#### [Aim of the exercise]
Check every line below for the string "Leather", and copy the lines that contain it.

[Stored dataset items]
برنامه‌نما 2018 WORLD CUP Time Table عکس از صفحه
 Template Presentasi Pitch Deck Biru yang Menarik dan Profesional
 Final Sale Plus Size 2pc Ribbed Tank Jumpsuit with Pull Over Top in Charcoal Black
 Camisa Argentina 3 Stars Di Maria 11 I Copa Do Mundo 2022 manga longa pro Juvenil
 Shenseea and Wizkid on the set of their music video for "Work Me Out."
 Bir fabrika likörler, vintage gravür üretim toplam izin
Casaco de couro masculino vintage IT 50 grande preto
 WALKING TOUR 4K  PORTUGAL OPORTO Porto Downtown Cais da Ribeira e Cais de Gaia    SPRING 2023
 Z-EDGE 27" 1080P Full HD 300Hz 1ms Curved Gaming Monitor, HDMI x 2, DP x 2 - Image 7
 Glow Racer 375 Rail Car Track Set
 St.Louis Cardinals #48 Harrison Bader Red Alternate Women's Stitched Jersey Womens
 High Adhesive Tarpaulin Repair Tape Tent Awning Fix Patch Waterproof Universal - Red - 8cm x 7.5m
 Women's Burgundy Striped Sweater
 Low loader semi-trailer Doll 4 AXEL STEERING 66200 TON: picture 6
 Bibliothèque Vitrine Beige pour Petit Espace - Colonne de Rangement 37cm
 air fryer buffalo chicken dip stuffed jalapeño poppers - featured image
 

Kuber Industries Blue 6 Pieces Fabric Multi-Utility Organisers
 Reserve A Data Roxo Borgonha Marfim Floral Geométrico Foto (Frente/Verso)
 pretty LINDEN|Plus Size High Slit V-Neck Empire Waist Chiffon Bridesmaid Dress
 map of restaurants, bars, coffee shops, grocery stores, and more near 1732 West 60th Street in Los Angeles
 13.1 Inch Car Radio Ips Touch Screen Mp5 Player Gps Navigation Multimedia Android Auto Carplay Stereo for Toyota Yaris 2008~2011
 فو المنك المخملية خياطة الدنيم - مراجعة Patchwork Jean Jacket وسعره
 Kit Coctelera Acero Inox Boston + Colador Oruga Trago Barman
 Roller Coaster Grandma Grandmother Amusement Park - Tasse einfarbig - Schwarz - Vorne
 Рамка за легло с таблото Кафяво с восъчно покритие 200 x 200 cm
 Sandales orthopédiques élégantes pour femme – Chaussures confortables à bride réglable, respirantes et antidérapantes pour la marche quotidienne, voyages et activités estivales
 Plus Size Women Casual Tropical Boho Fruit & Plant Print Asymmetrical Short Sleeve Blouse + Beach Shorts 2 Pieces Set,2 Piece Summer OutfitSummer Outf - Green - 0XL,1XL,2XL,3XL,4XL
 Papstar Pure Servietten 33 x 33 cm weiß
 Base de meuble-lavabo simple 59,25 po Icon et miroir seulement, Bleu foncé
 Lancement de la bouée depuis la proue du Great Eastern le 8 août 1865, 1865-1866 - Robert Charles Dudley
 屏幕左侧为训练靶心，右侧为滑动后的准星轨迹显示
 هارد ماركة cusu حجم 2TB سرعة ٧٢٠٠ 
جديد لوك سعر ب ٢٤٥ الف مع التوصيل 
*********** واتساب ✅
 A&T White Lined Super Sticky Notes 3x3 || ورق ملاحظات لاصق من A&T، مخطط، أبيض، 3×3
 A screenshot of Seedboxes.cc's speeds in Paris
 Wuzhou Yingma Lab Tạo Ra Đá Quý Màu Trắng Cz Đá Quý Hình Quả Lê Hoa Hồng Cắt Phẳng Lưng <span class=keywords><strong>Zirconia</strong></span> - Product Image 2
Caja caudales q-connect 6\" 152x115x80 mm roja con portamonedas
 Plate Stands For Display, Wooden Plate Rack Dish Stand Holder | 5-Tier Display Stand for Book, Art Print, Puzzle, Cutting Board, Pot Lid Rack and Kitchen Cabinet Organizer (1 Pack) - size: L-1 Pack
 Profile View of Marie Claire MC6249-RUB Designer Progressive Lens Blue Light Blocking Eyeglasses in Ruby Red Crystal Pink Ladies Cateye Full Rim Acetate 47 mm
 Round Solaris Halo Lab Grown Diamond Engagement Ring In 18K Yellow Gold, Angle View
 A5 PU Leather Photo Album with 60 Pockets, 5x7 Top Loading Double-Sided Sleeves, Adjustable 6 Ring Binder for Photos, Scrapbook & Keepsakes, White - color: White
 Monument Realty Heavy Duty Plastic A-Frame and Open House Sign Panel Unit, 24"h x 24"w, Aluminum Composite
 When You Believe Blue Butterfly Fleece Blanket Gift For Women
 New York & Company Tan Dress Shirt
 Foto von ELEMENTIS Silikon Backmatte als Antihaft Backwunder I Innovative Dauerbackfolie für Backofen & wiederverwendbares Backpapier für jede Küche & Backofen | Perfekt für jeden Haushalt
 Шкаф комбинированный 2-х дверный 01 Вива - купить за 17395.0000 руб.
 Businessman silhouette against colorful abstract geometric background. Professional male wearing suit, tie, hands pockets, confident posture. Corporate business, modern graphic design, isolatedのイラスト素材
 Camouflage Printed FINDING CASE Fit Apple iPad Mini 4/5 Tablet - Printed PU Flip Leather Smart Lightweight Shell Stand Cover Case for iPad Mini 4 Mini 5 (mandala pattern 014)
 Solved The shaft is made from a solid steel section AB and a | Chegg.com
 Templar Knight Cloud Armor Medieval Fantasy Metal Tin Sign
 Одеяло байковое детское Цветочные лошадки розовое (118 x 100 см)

#### [Answer section]
 A5 PU Leather Photo Album with 60 Pockets, 5x7 Top Loading Double-Sided Sleeves, Adjustable 6 Ring Binder for Photos, Scrapbook & Keepsakes, White - color: White
 Camouflage Printed FINDING CASE Fit Apple iPad Mini 4/5 Tablet - Printed PU Flip Leather Smart Lightweight Shell Stand Cover Case for iPad Mini 4 Mini 5 (mandala pattern 014)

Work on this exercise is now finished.